Louisville Water has completed its first large-scale inspection of a 48-inch cast iron transmission main while it was filled with water and in service. Louisville Water partnered with Pure Technologies for a condition assessment that covered 4.5 miles of the transmission main.
The inspection tool is called “Sahara,” an acoustic sensor that uses the flow of water to move it through the pipe while “listening” for potential leaks. This application of the Sahara tool also included an HD video camera and a Pipe Wall Analysis (PWA) tool. One of the unique aspects of the inspection is that the water main is filled and in service while the tool moves through the pipe, meaning Louisville Water does not have to empty millions of gallons of water and impact water service for thousands of customers.
This inspection allows Louisville Water to identify potential problems with the main and address them before the pipe fails.
How it Works
To prepare for the inspection, crews installed 15 access points along the length of the water main. The Sahara tool is inserted into the pipe under pressure through one of the access points. A small parachute uses the flow of water to pull the sensor through the water main while it is tethered by a steel cable. Once the inspection is completed, crews retrieve the tool by rewinding the cable. Depending on the water flow, the Sahara can move up to three feet per second, and has a range of 1,500 feet or more. It took a little over two weeks to complete the inspection of all 4.5 miles. There is no interruption to water service.
During the inspection, technicians from Pure Technologies and Louisville Water monitored the progress of the Saharatool by watching its movement on a computer screen and listening for water leaks as small as a pin-hole. While the device provides real-time leak data, Pure Technologies’ technicians will analyze the pipe wall analysis data.
Inspecting “Gigantic” Water Mains
Louisville Water has over 4,200 miles of water main in its system. Approximately 200 miles are pipes larger than 20 inches in diameter (transmission mains). The remainder is distribution mains, 16 inches and smaller in diameter.
In the 1980s, Louisville Water began a defined program to inspect, repair and/or replace the smaller water main in the distribution system. It’s an aggressive approach to maintain the
infrastructure. To date, Louisville Water has invested over $160M to maintain the distribution water mains. Engineers estimate the program eliminated nearly 7,300 water main breaks in a 20-year period.
The technology to inspect the larger water mains (bigger than 24 inches in diameter) is still developing. In 2009, Louisville Water did its first inspection of a large transmission main, a 48-inch main made of pre-stressed concrete. An inspection of a 60-inch pre-stressed concrete main followed in 2011, and an inspection of a 24-inch main in 2013. The water main in the Sahara inspection is made of cast iron and it’s the first time Louisville Water has been able to inspect this type of water main as the technology was recently refined for this type of pipe.

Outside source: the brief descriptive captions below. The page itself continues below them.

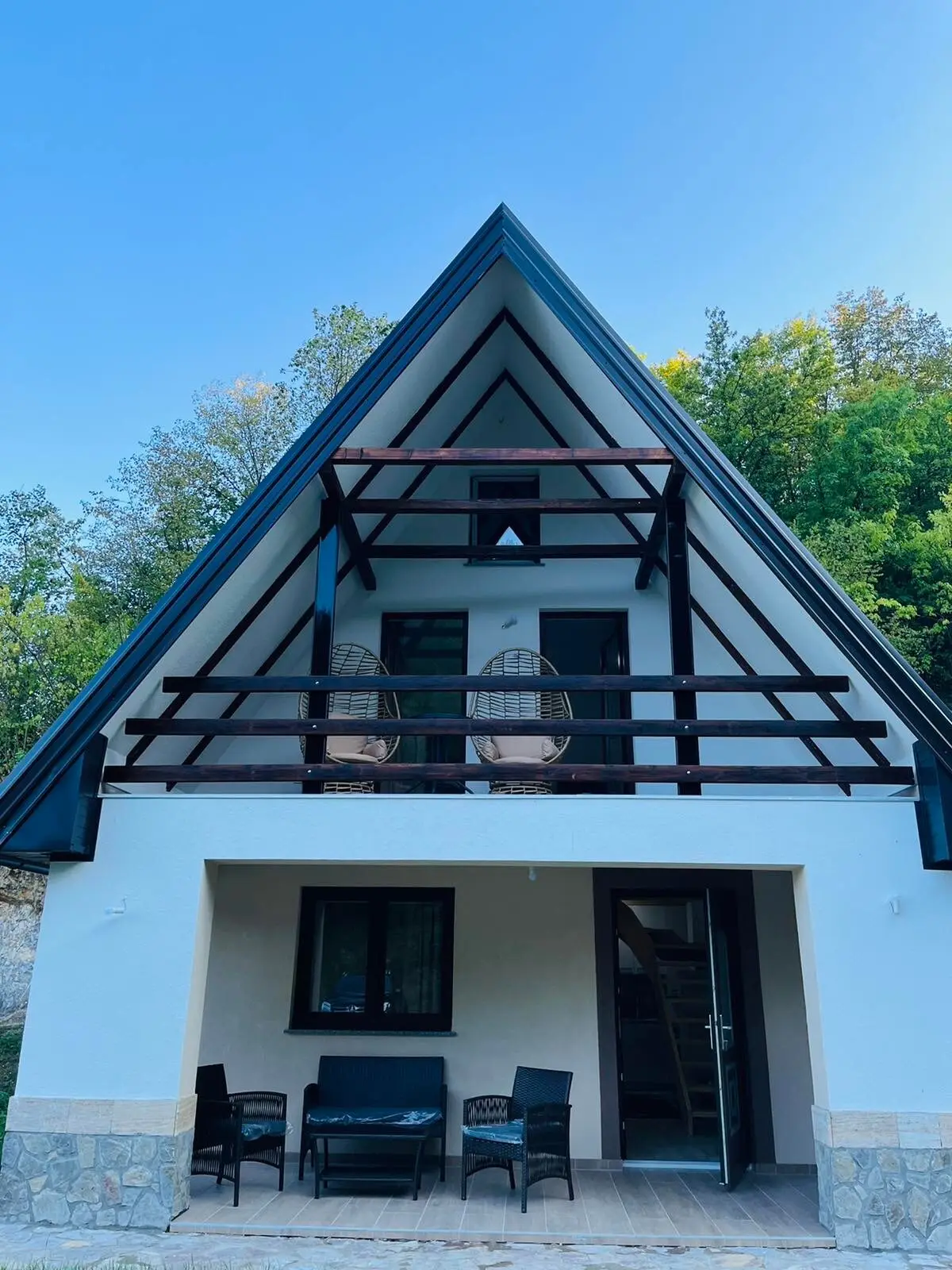 Hana - mountain house with forest views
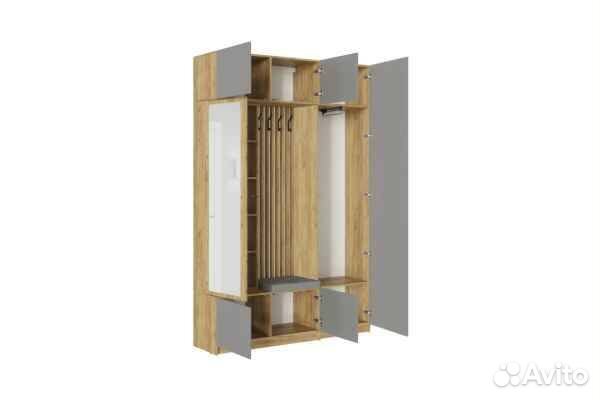 Прихожая с пеналом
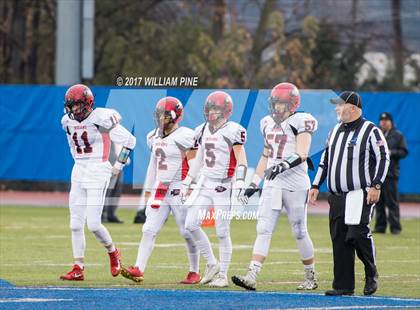 Thumbnail 1 in Glens Falls vs. Pleasantville (NYSPHSAA Class B Semifinal) photogallery.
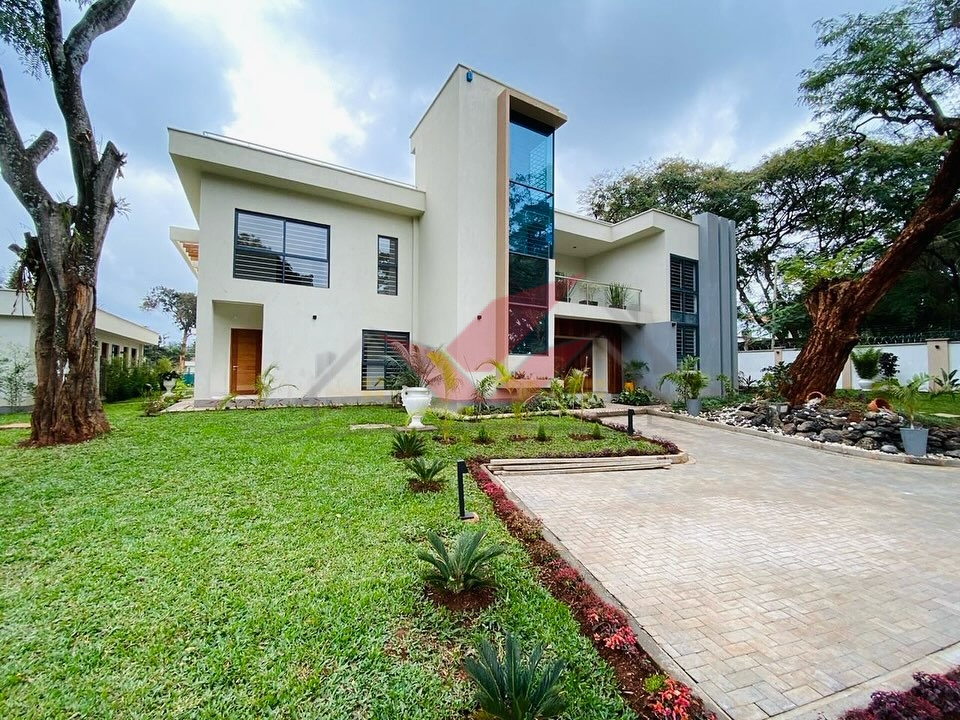 For Sale: Ultra-Modern 5-Bedroom Home in Old Runda! 🌟 Discover luxury living in this stunning property, sitting on 0.5 acres with top-tier amenities including a swimming pool, rooftop terrace, and secure gated access. Prime location near key Nairobi amenities! 💰 Price: KSh 215M. Call/WhatsApp 0732675057 to schedule a viewing. #LuxuryLiving #OldRunda #RealEstateKenya #NairobiHomes #HighEndRealEstate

Louisville Water has a long-term program to assess all 200 miles of transmission mains in the system allocating $4-5M annually. Since beginning the transmission main assessment in 2009, Louisville Water has identified and repaired over 20 potential problems with the larger water mains.
The 48-Inch Cast Iron Water Main – Nearly 100 Years of History
The cast iron water main involved in the Sahara inspection was installed as unlined cast iron in sections beginning in the 1920s. Louisville Water began operations in 1860 and by the beginning of the 20th century the water company was starting to grow. This 48-inch main provided a larger and more reliable supply of water. In the 1990s, Louisville Water cleaned and lined the main. The company began planning the assessment last fall as part of its 2014 capital budget. In April, there was a large break on this water main at Eastern Parkway and Baxter Avenue and this water main also had two breaks in 2011.
Louisville Water engineers will use the data from the Sahara assessment to repair leaks and to determine if additional maintenance work is needed on the transmission water main.
About Louisville Water
Louisville Water began operations in October 1860 as Kentucky’s first public water provider and today provides an abundant, safe supply of drinking water to over 850,000 people in Louisville Metro and surrounding counties. On average, the company produces 118 million gallons of Louisville pure tap each day. Louisville Water is recognized for its quality and innovation; in 2013, Louisville pure tap was named the “People’s Choice for Best-Tasting Tap Water in North America” by the American Water Works Association.